Provided data START
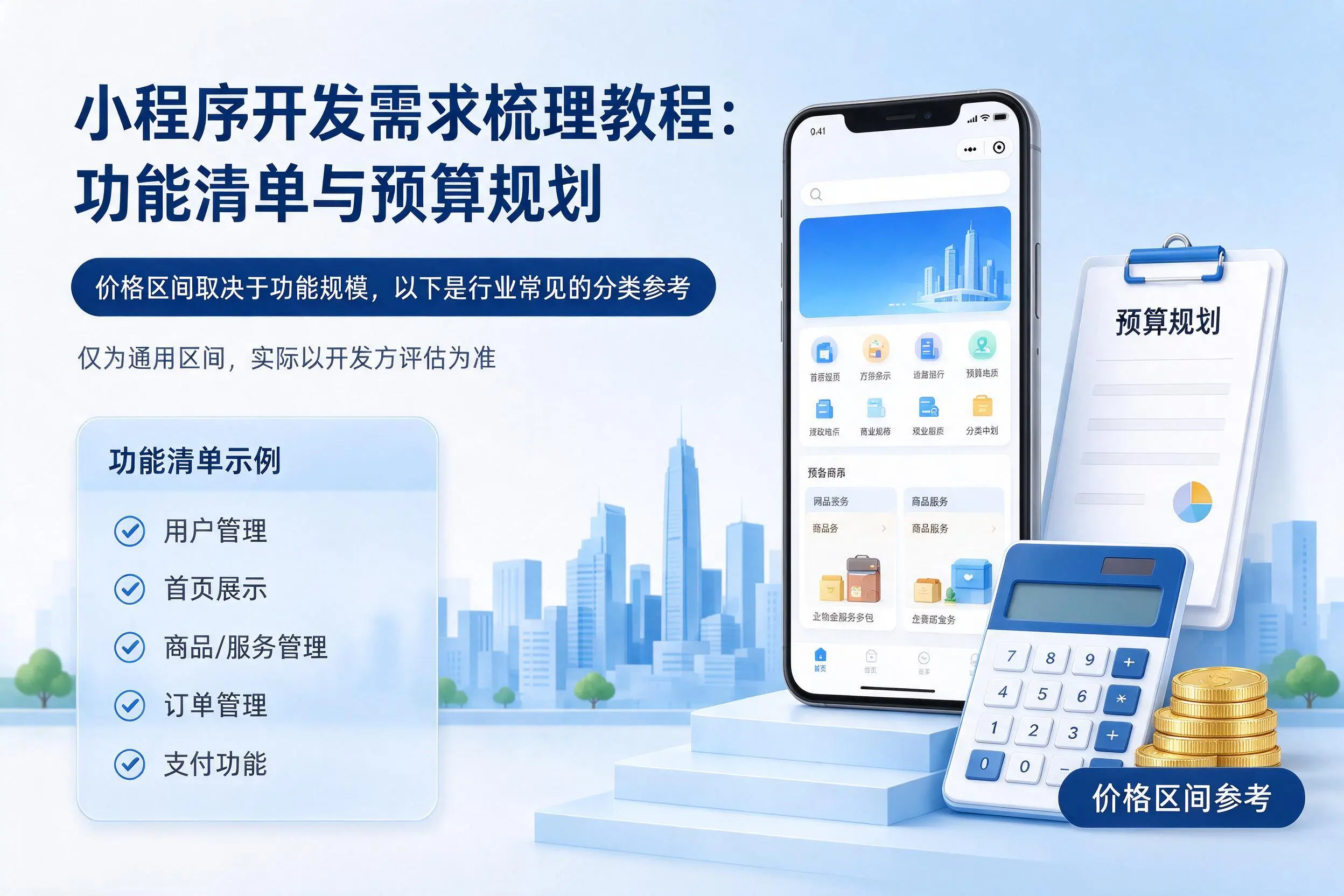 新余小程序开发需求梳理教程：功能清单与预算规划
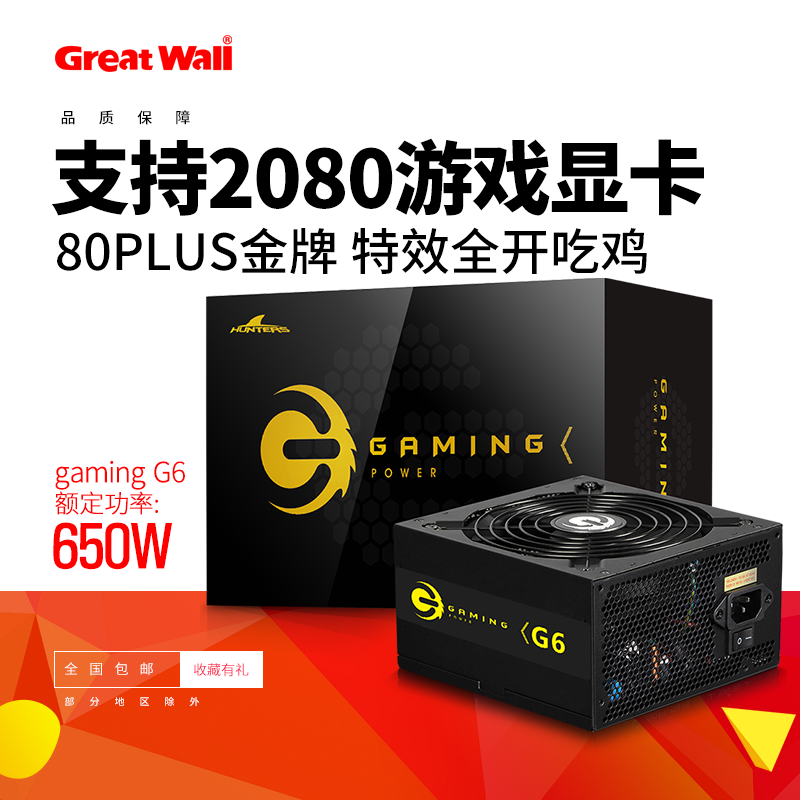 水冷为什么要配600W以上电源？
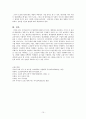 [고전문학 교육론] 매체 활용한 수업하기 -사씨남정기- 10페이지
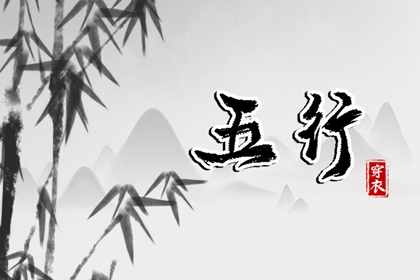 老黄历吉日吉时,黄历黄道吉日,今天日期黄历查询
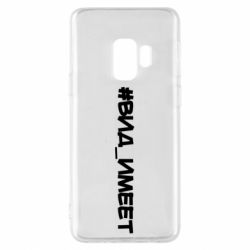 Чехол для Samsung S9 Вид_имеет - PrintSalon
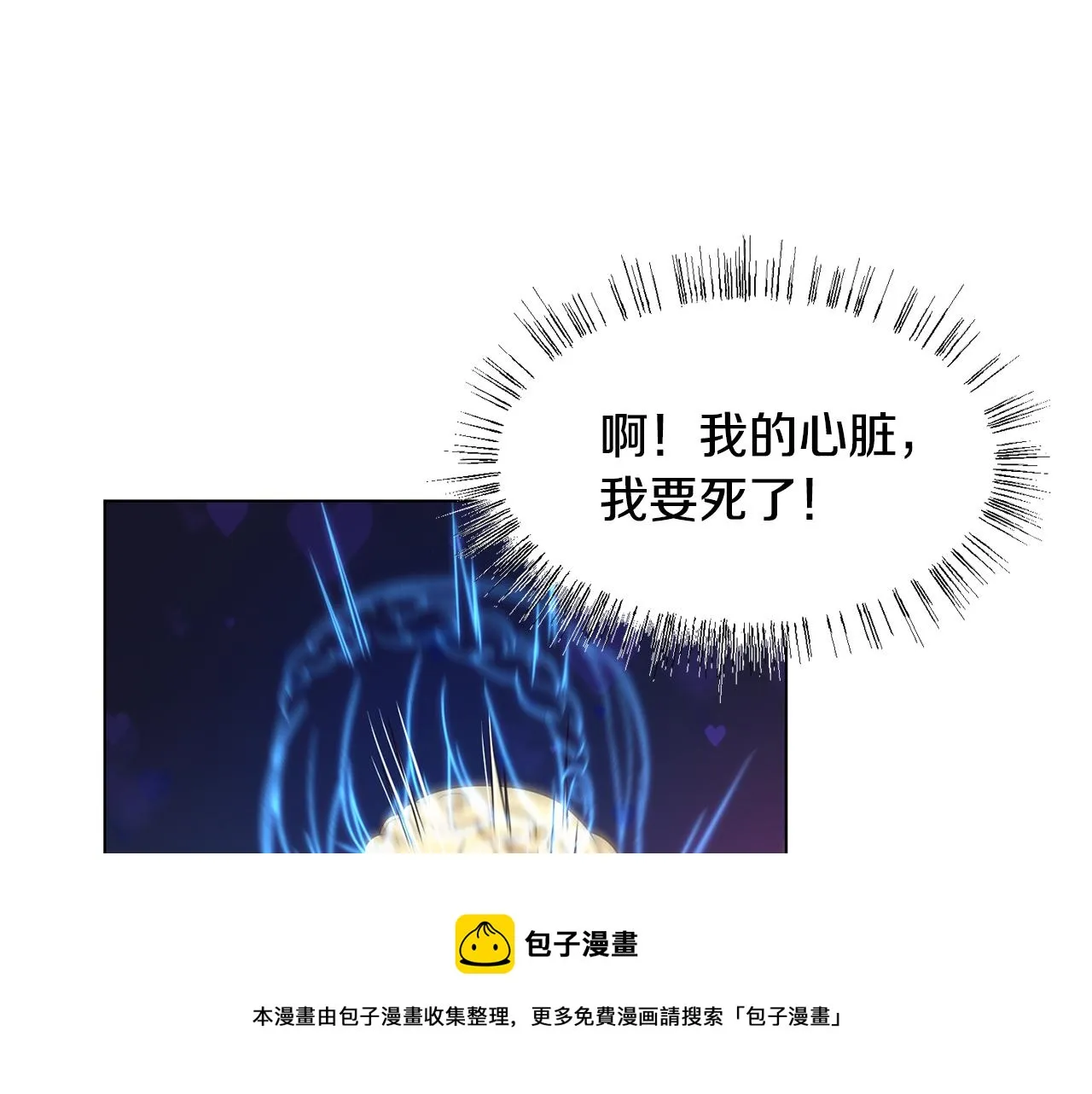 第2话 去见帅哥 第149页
Provided data END
Provided data START
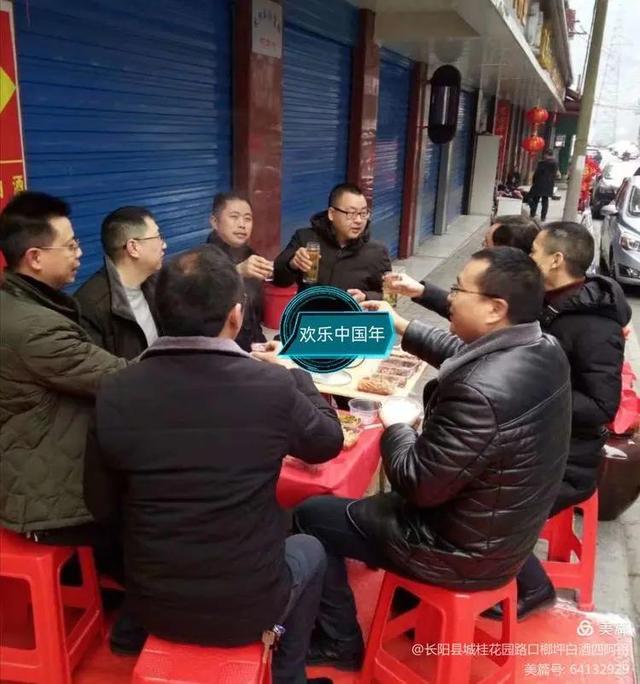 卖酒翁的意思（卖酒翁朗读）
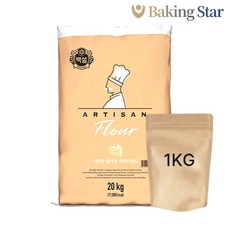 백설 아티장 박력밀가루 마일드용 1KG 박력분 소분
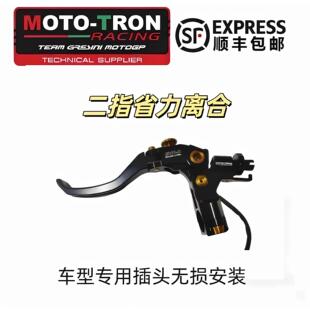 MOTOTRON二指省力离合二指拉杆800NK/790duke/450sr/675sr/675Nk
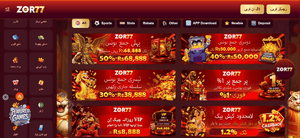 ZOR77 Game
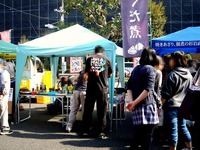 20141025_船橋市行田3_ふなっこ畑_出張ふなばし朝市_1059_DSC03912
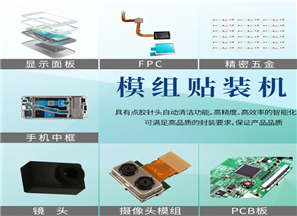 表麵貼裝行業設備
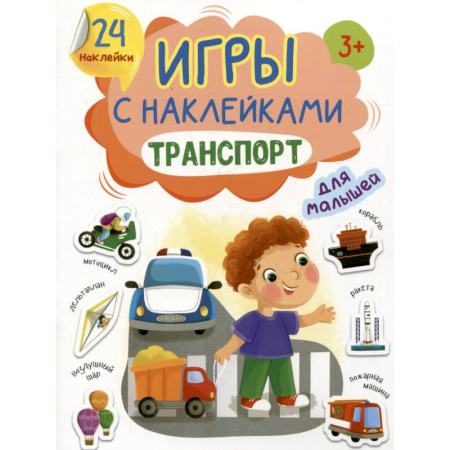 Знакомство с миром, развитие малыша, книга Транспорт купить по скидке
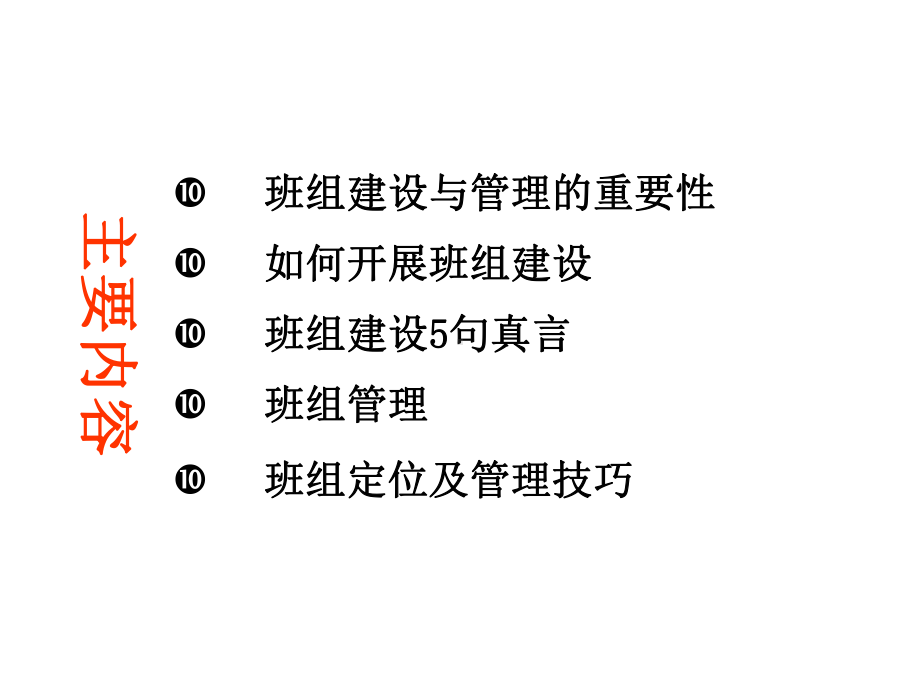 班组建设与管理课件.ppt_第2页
Provided data END
Provided data START
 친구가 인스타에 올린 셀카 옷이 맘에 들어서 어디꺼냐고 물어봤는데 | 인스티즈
Provided data END
*Work instruction:*
With pictures omitted, repeat the entries above word for word from the line holding "新余小程序开发需求梳理教程：功能清单与预算规划" down to the line holding "第2话 去见帅哥 第149页", keeping both of those lines.

*Answer to this exercise:*
 新余小程序开发需求梳理教程：功能清单与预算规划
 水冷为什么要配600W以上电源？
 [고전문학 교육론] 매체 활용한 수업하기 -사씨남정기- 10페이지
 老黄历吉日吉时,黄历黄道吉日,今天日期黄历查询
 Чехол для Samsung S9 Вид_имеет - PrintSalon
 第2话 去见帅哥 第149页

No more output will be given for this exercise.